According to CKA fund manager, Molly Fabe almost all of the 100 require assistance to get them to hospital since some have no income at all.

But the CKA no longer has sufficient funds to pay for the transport subsidies and, in particular, the food parcel programme. These patients now have to rely on friends, relatives and neighbours, often nearly as destitute as themselves, to try to keep their appointments for dialysis.

If they manage to get to hospital three times a week, they can stave off an early death by renal failure.
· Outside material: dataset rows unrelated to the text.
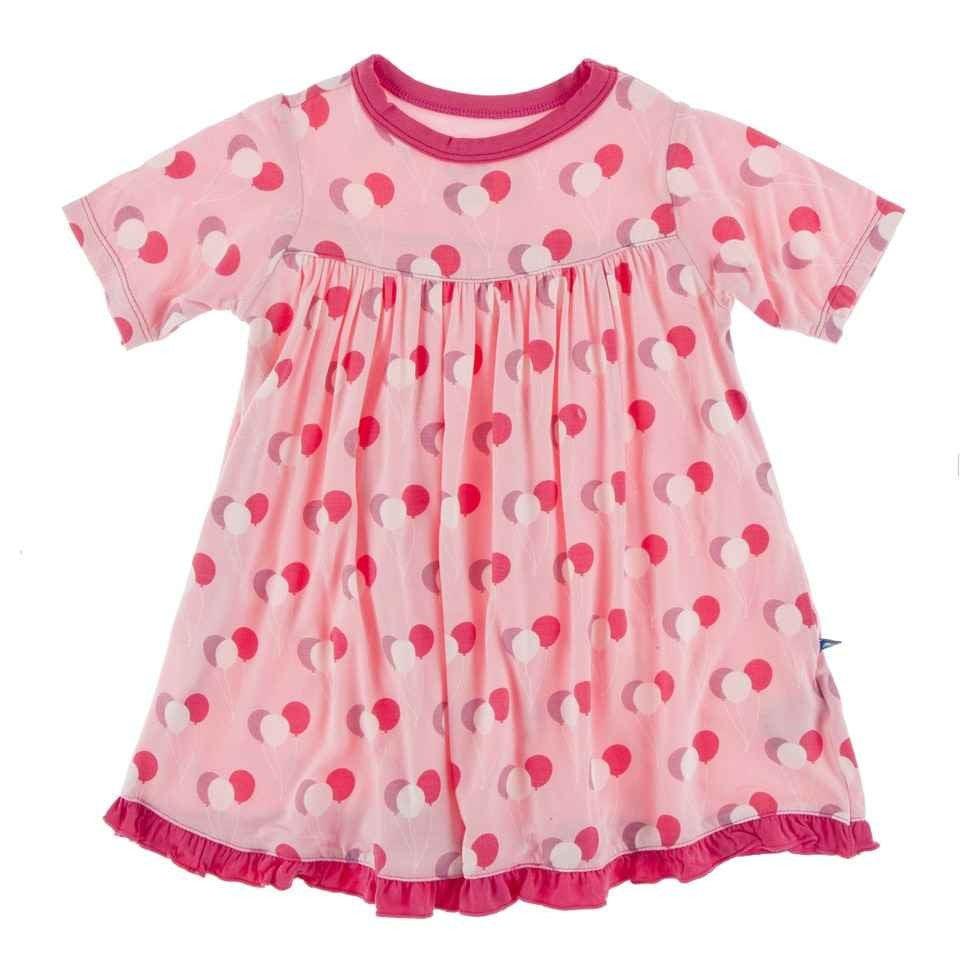 Celebration Print Bamboo Classic Short Sleeve Swing Dress - Lotus Balloons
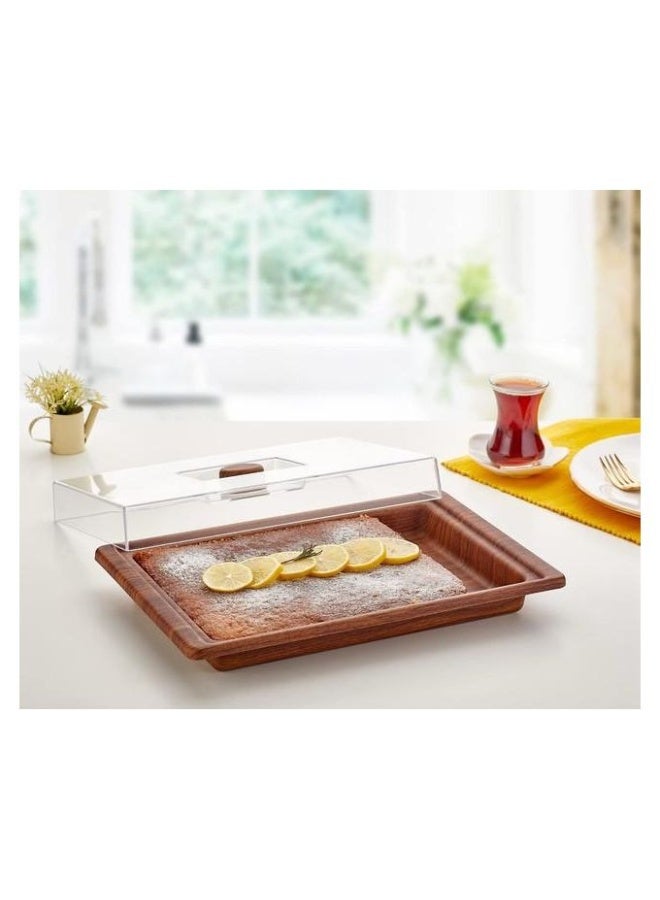 إيفيلين طبق تورتة مستطيل بلاستيك بتصميم خشبي مع غطاء أكريليك شفاف غير قابل للكسر لتقديم الكيك والحلويات – صينية تقديم ميلامين مقاومة للحرارة للخدمة والضيافة والحفلات وأعياد الميلاد – طبق تقديم كيك وتورتة بغطاء للحماية والعرض الفاخر – صينية تقديم مستطيلة للمناسبات والضيافة وتقديم الحلو والفطار - Image 3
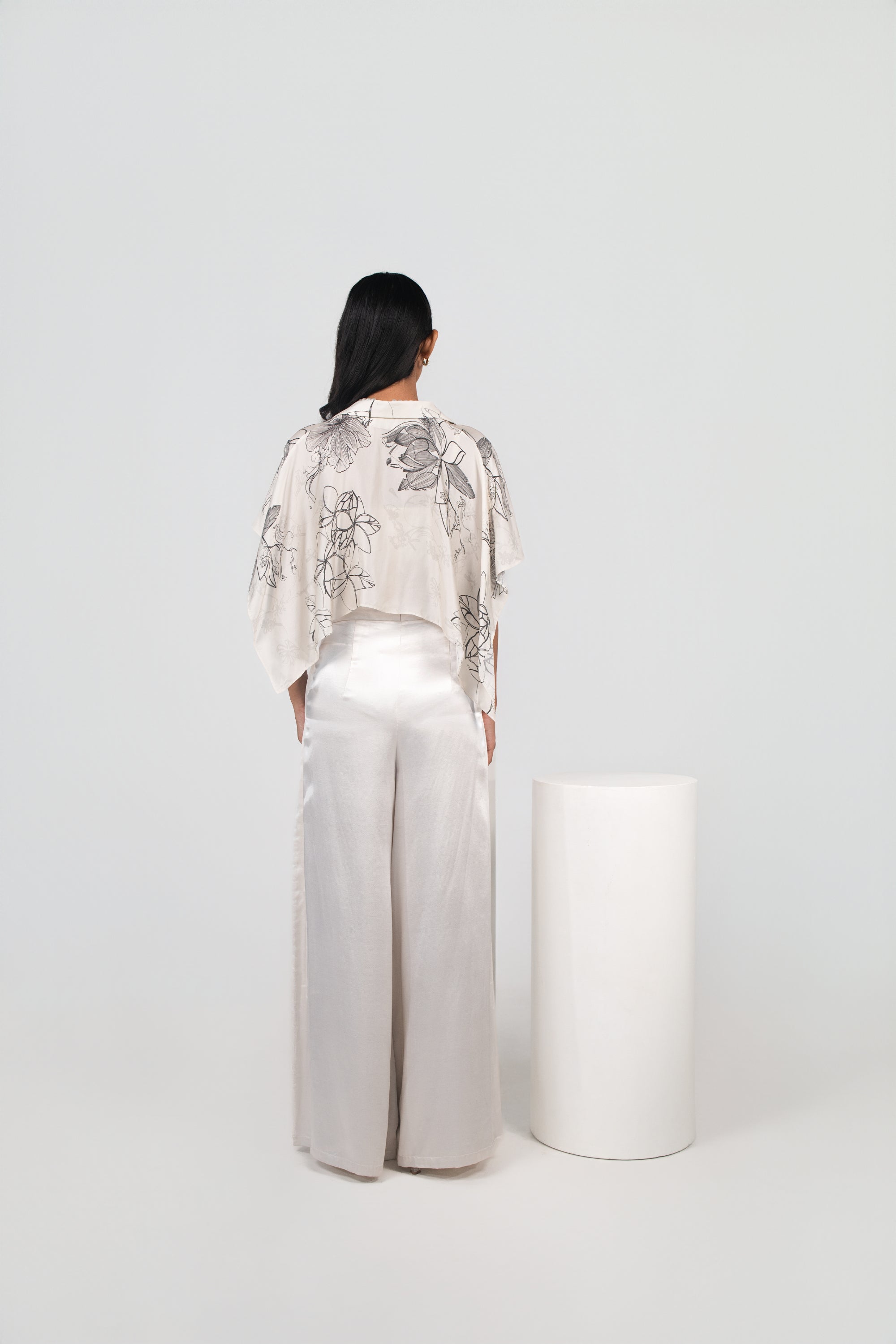 Printed Cowl Lapel Top, Banded Bralette & Stitched-down Pleated Pants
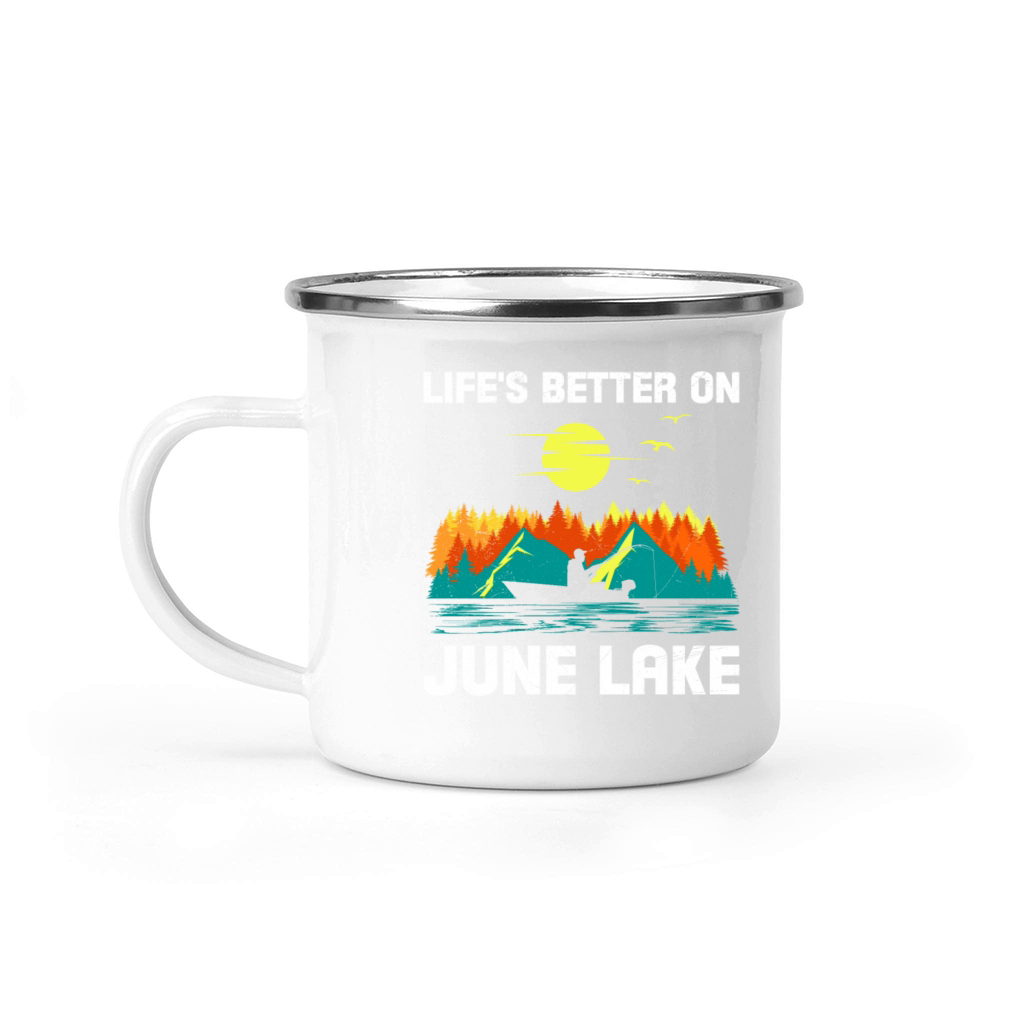 California LIFES BETTER ON JUNE LAKE Vintage Camping Mug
But, without adequate diets, they are still likely to die prematurely from the diseases of malnutrition.

The situation, says Fabe, is “desperate”. Just how desperate can be gauged by the fact that the CKA is currently trying to raise funds for wooden prefabricated “Wendy houses” to provide shelter for five of the patients who do not have even barely adequate accommodation.

Until October last year essential funding for the transport and food parcel programme came from the National Lottery — Lotto. It really was Tata ma chance for the fortunate few in the Western Cape. And Tata ma millions did not come into it: according to Molly Fabe, the annual cost of the food parcels and transport subsidies is little more than R400 000.

She quotes from a letter from the Lotto board that turned down the CKA application for further funding. “Budget constraints” was the reason given for refusal. “By April, we ran out of money,” says Fabe.

This funding shortage — along with the “budget constraints” explanation — has angered health workers. Says one: “This is the same Lotto that provided R40 million to fund the ANC Youth League’s ‘kissing festival’ in 2010.” The R40 million, he points out, could, at current prices, have provided food parcels for 100 patients for the next 400 years.

However, because of the furore surrounding the medical parole of Selebi the issue of dialysis waiting lists and the situation of economically disadvantaged patients has again come to the fore and raised hopes that improvements will follow; in the Western Cape that funding will be released.

“The fact that there is discussion and publicity is one bit of good that has come out of the Selebi business,” says Fabe.